Die Straßenwärter in Schleswig-Holstein lernen derzeit in Sicherheitstrainings, wie sie bei gefährlichen Situationen in ihrem Job am besten reagieren können. Ziel sei es, das Risikobewusstsein der Männer zu erhöhen, sagte der Direktor des Landesbetriebs Straßenbau und Verkehr, Torsten Conradt. Bis Ende kommenden Jahres sollen alle 700 Beschäftigten das Training durchlaufen haben. Dabei üben die Mitarbeiter unter anderem typische Situationen, zum Beispiel das korrekte Einschätzen von Entfernungen und Geschwindigkeiten herannahender Laster. Für den Ernstfall wird auch geübt, wie der schnelle Sprung über die Leitplanke am besten gelingt.

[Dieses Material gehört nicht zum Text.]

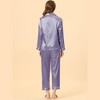 Allegra K Women's Satin Button Down Sleepshirt with Pants Sleepwear Pajama Set - 4 of 4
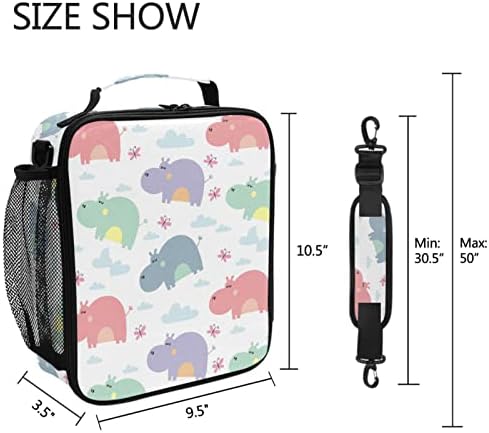 ZZXXB Hippo Butterfly Butterfly Lunchag Box Box Reutilable Térmico Saco de Refriador Tote Tote ao Ar Livre Picnic Bag com alça de ombro para estudantes adultos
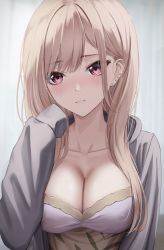 Rule 34 | 1girl, backlighting, blonde hair, blush, breasts, casual, cleavage, collarbone, dress, ear piercing, green dress, grey jacket, hand up, highres, jacket, kitagawa marin, large breasts, long hair, looking at viewer, marinesnow, open clothes, open jacket, parted lips, piercing, sleeves past fingers, sleeves past wrists, smile, solo, sono bisque doll wa koi wo suru, upper body, white background, white dress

Immer wieder werden Straßenwärter im Norden in Unfälle verwickelt. Ende vergangenen Jahres wurde ein Beschäftigter im Kreis Dithmarschen von einem Auto erfasst und getötet, als er eine Unfallstelle auf der Autobahn 23 absichern wollte. Ein weiterer Straßenwärter wurde erst vor wenigen Wochen an einer Baustelle durch einen Lkw-Auffahrunfall schwer verletzt.